## What the task requires
Repeat the listing that follows, character for character, minus the pictures.

## Data extract
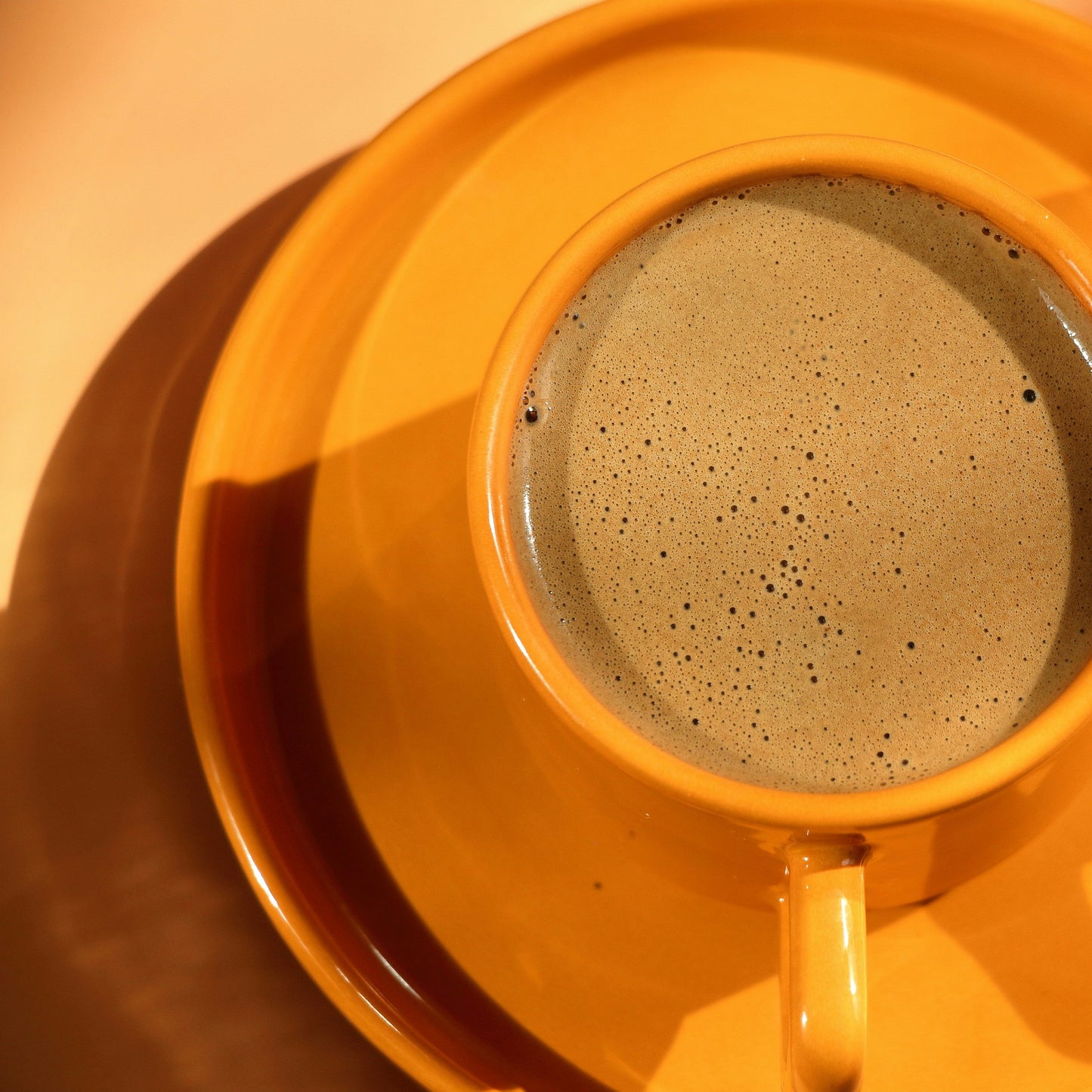 Orange Coffee Cup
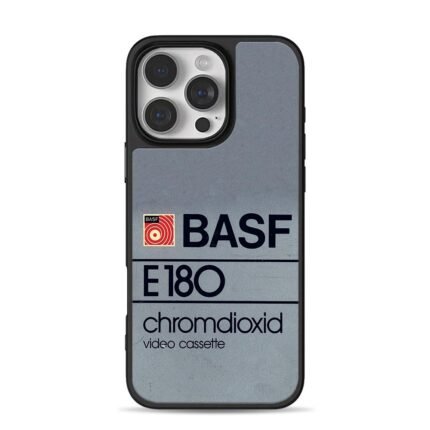 BASF E180 chromdioxid cassette iPhone 16 Pro Max Black Case
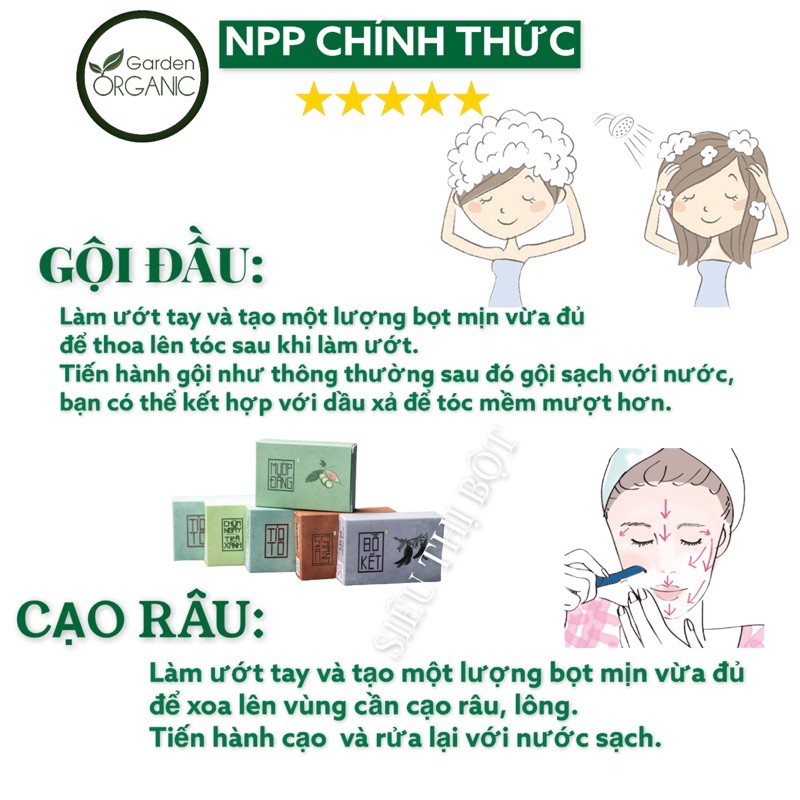 XÀ BÔNG SINH DƯỢC ORGANIC [TRẺ EM- MẸ SAU SINH-MẸ BẦU-VIÊM DA CƠ ĐỊA-NGỪA MỤN-TRẮNG DA]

## Task solution
 Orange Coffee Cup
 BASF E180 chromdioxid cassette iPhone 16 Pro Max Black Case
 XÀ BÔNG SINH DƯỢC ORGANIC [TRẺ EM- MẸ SAU SINH-MẸ BẦU-VIÊM DA CƠ ĐỊA-NGỪA MỤN-TRẮNG DA]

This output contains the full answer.